We stopped in the small town of Khaling for a coffee break in a small local hotel called Karma Choden. Four little girls were sitting on a stoop next to where we parked, eating cheese puffs. They happily agreed to a photo and giggled and looked at it. We went into the rustic hotel and sat at a table near the bar. the Brits sat at tables as well. The proprietress made a tray of coffees and served them to all of us. We were taking in the rusticness of the place when a small kitten jumped up into the window. It was soon followed by the appearance of four small heads - the children we had seen sitting on the stoop. They teased the littlest girls by putting cheese puffs on her head. I went outside to get a photo of the girls with the kitten. The littlest girl ran over to the kitten and tried to pick it up by pinching it. Then the older girl picked up the kitten nicely and posed for a picture. I went back into the hotel and finished my coffee. By now it was time to get back into the van and resume our journey to Samdrup Jongkhar.
We continued along the road and stopped for lunch after 1:00. We ate lunch in the van (which Jigme parked in front of a small general store) : red rice, mango juice, beans and cheese, spicy curried beef, Asian veggies, cauliflower, and little bananas for dessert. We were wondering why we were eating in a parking lot when there were so many prettier spots Dorji could have chosen. It turned out that our packed lunch hadn't included tea. Dorji had decided to eat here so he could buy tea from the store. After finishing our lunch, I went into the little store in the hopes of buying some crunchy snacks. We had no ngultrums so Dorji bought us two bags of Korntops spicy corn snacks from India. American money really is of very little use in Eastern Bhutan. The bags were covered in a layer dust, but based on the date printed on them, they were still perfectly fresh. We got back into the van and continued driving. We passed some gorgeous scenery - blue mountains in the distance, green mountain valleys flowing with rivers below us, and white puffy clouds hovering overhead.
We stopped in the little village of Narphung at around 2:00. There was a small market, and they had some very cute handmade baskets for sale. I was tempted, but they would be awkward to carry home safely. Brightly colored vegetables such a red and green chillies were for sale, and an older man in a gray gho was weaving brooms and tying them into bundles. There was a small counter selling snacks and groceries. The whole scene was very picturesque and quaint. We all stretched our legs and we were just getting into a conversation with a local man (He asked where we were from. We said "Boston," and he thought we said "London,"and went to find someone to translate) as the Brits were boarding the bus and we realized we had to go. It would have been a nice town to spend a few more minutes, but we did have many more hours on the road, so we needed to be on our way.
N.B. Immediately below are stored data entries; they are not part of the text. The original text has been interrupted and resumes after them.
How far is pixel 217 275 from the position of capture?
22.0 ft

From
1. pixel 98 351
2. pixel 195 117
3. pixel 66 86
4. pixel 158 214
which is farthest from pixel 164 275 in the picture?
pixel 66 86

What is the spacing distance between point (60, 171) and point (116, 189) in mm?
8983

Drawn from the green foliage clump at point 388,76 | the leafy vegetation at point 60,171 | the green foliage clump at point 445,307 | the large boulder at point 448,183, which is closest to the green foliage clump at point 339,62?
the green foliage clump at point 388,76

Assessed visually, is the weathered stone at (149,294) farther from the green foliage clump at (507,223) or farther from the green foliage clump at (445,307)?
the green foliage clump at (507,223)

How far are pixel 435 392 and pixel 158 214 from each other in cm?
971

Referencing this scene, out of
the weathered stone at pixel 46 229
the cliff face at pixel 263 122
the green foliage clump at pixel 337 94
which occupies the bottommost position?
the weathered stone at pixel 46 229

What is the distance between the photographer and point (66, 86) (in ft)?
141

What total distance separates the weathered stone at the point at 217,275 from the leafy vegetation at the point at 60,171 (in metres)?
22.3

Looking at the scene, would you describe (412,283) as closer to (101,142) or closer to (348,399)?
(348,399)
We stopped at a checkpoint where a group of men were playing volleyball behind a barbed wire fence. I snapped a few photos, and then we were on our way again. As we drove through the countryside, the mountains were a sun-dappled patchwork. We saw something in the trees. It was a large bird, perhaps a hawk or eagle. We didn't have a great view from where we pulled over. The Brits' bus stopped behind us and they had a look with binoculars. The hawk took flight and I got a photo. We asked the Brits if they could identify the bird. David said, "I wouldn't trust us! We thought it was a monkey until it started flying!"
We stopped at an overlook to stretch our legs. The view was very nice and we enjoyed being in the sunshine for a few minutes. We could see nearby mountains with colorful prayer flags in the foreground. Throughout the whole ride, the landscape was changing. We were descending in altitude, and the vegetation was becoming more tropical. We saw lots of vegetation, with an occasional white house breaking up the green pallette.
We passed a chemical plant, immediately giving the place a more industrial feel than the rest of the country.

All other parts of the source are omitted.